- What you should do
Could you transcribe all of the data exactly and skip any pictures?

Extracted data entries
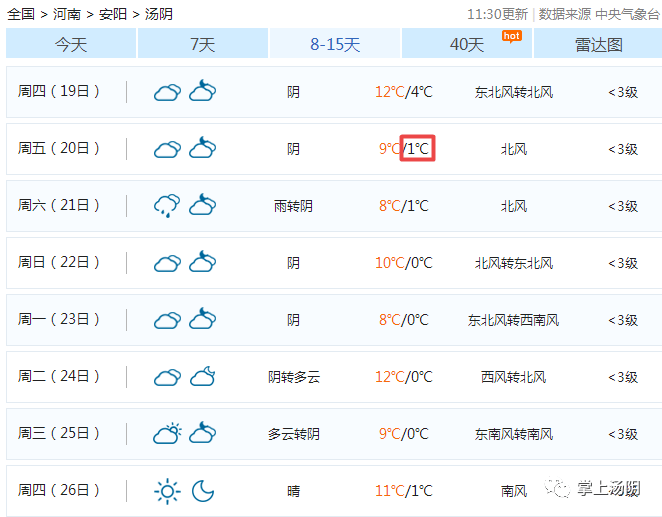 汤阴天气预报更新通知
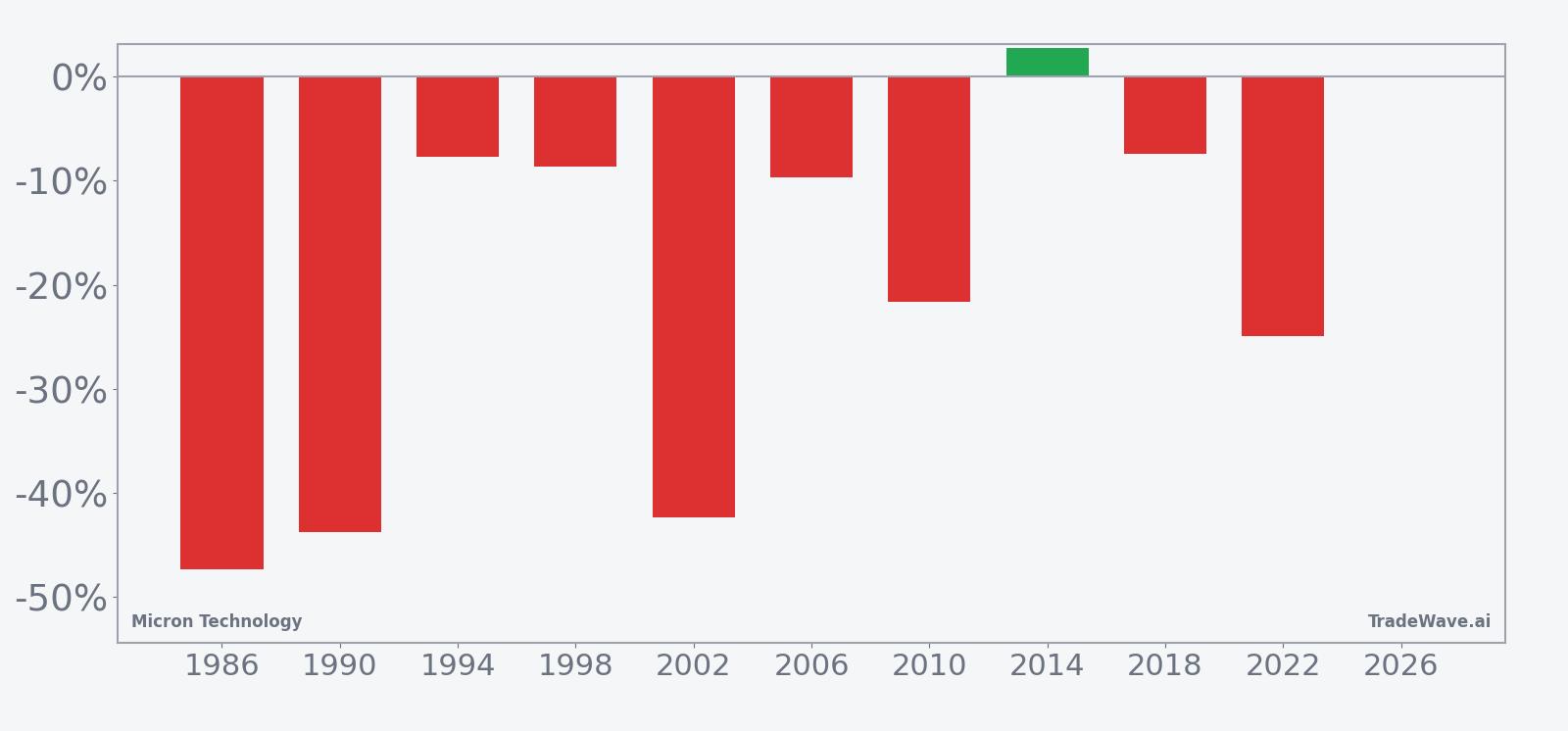 Per-year net returns for Micron Technology in the midterm-year seasonal window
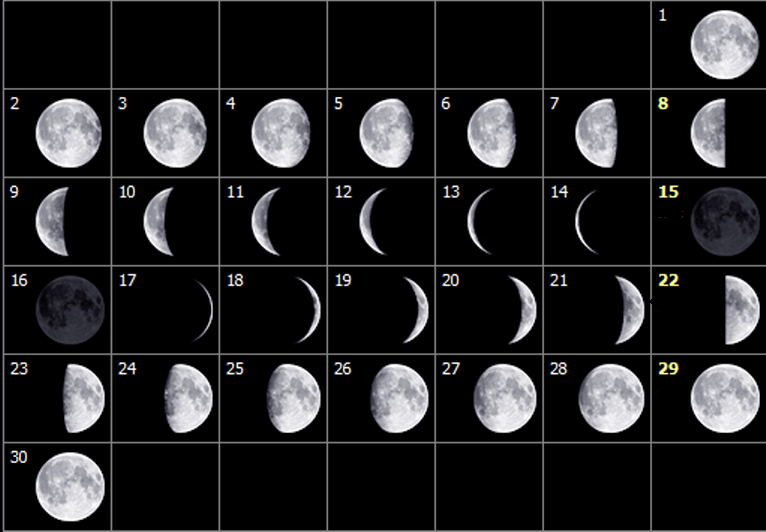 Апрель 2024 какая луна растущая или убывающая. Убывание Луны. Убывающая Луна. Убывающая Луна и возрастающая Луна. Возраст Луны.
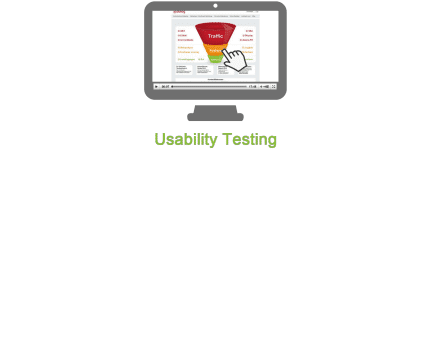 Remote Usability Test: die schnelle und kostengünstige Conversion-Optimierung-Analysemethode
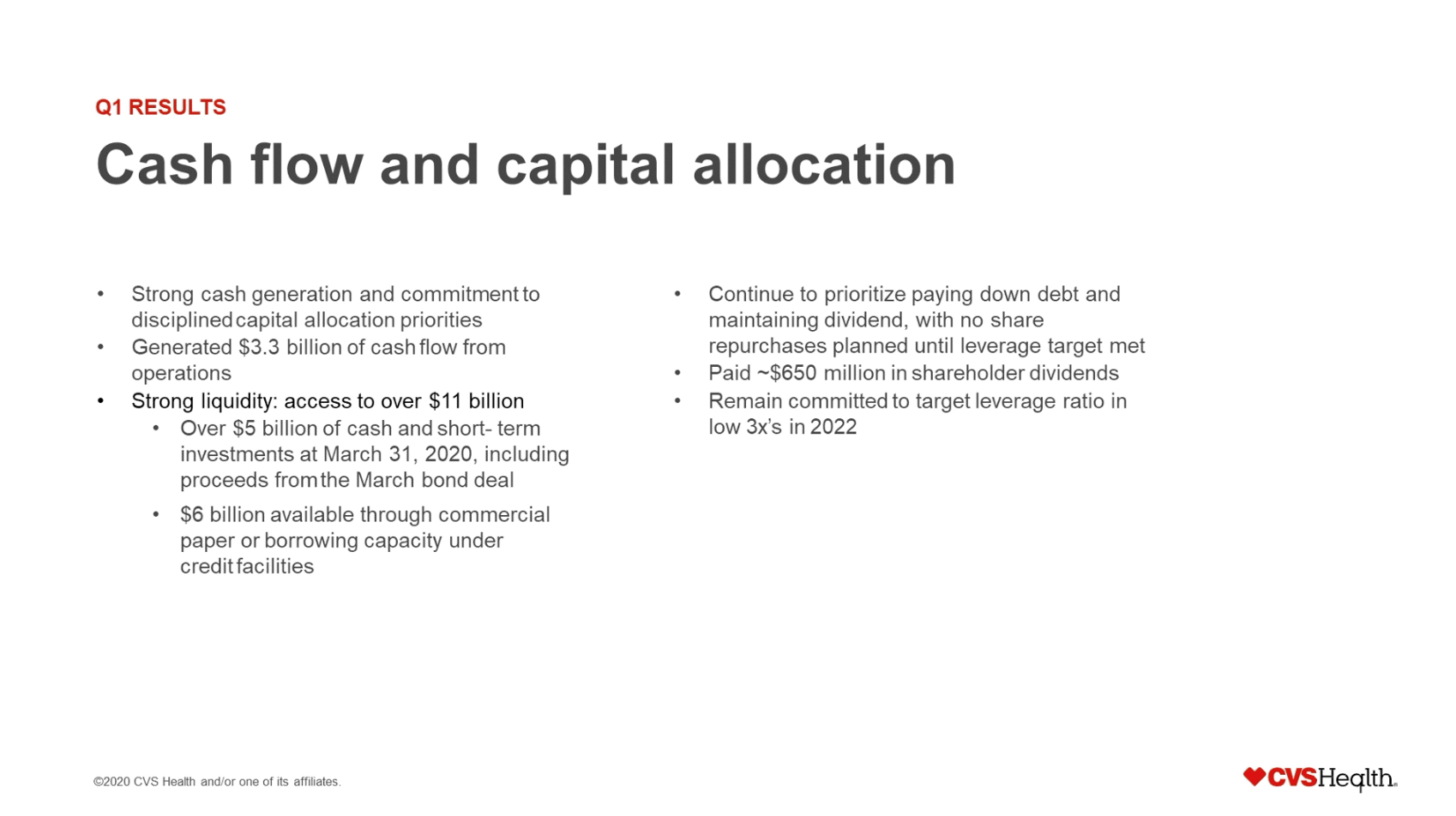 How to Improve Text Heavy Slides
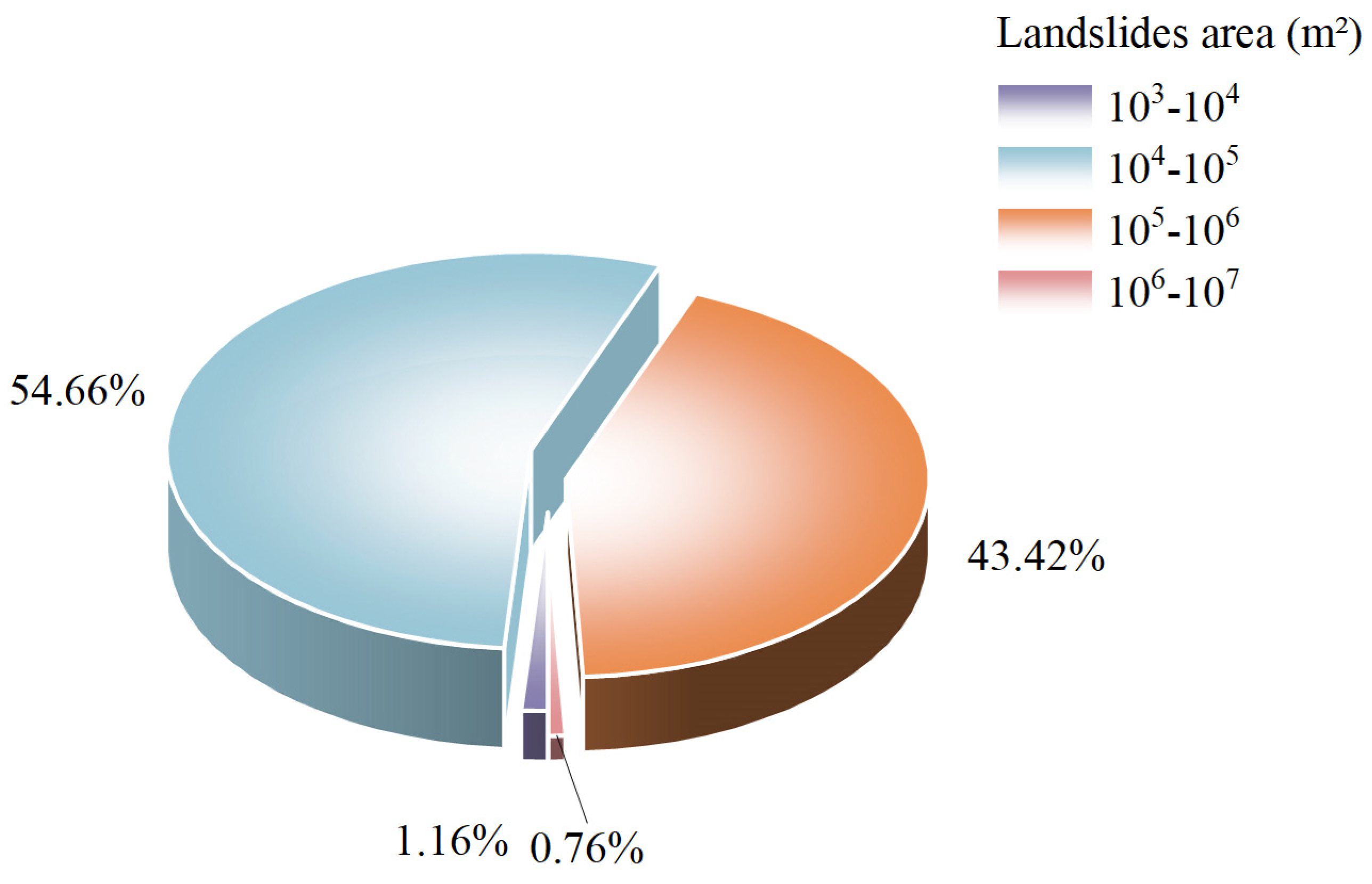 Forests 16 01686 g005 Forests 16 01686 g005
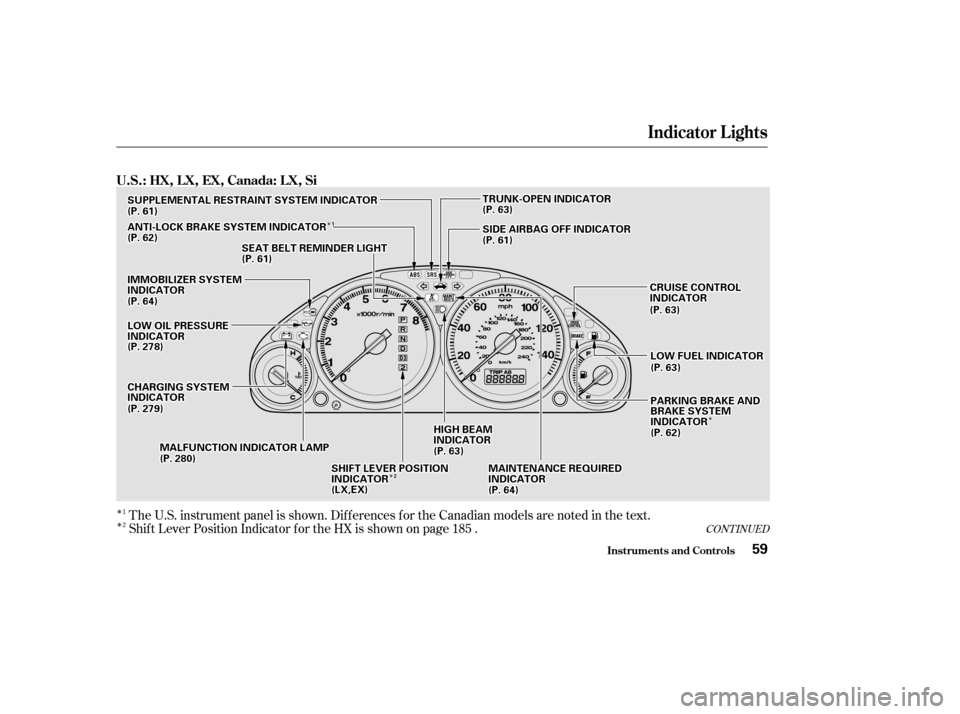 HONDA CIVIC COUPE 2002 7.G Workshop Manual ÎÎ
ÎÎ
ÎÎ
Î Î
CONT INUED
12The U.S. instrument panel is shown. Dif f erences f or the Canadian models are noted in the text.
Shif t Lever Position Indicator f or the HX is shown on page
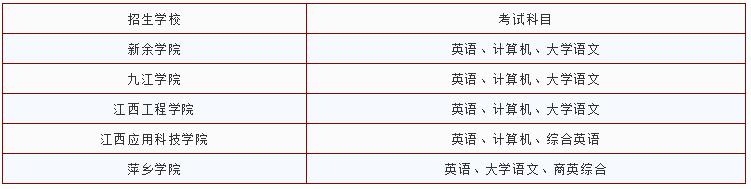 江西商務英語專升本學校及考試科目有哪些？(圖1)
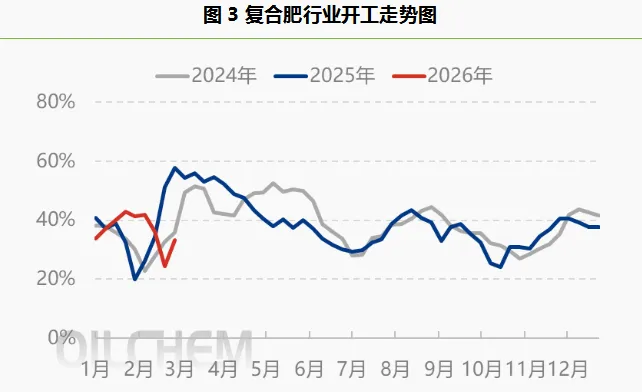 【尿素市场】 供强需弱,尿素市场二季度怎么走?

- Finished task
 汤阴天气预报更新通知
 Per-year net returns for Micron Technology in the midterm-year seasonal window
 Апрель 2024 какая луна растущая или убывающая. Убывание Луны. Убывающая Луна. Убывающая Луна и возрастающая Луна. Возраст Луны.
 Remote Usability Test: die schnelle und kostengünstige Conversion-Optimierung-Analysemethode
 How to Improve Text Heavy Slides
 Forests 16 01686 g005 Forests 16 01686 g005
 HONDA CIVIC COUPE 2002 7.G Workshop Manual ÎÎ
ÎÎ
ÎÎ
Î Î
CONT INUED
12The U.S. instrument panel is shown. Dif f erences f or the Canadian models are noted in the text.
Shif t Lever Position Indicator f or the HX is shown on page
 江西商務英語專升本學校及考試科目有哪些？(圖1)
 【尿素市场】 供强需弱,尿素市场二季度怎么走?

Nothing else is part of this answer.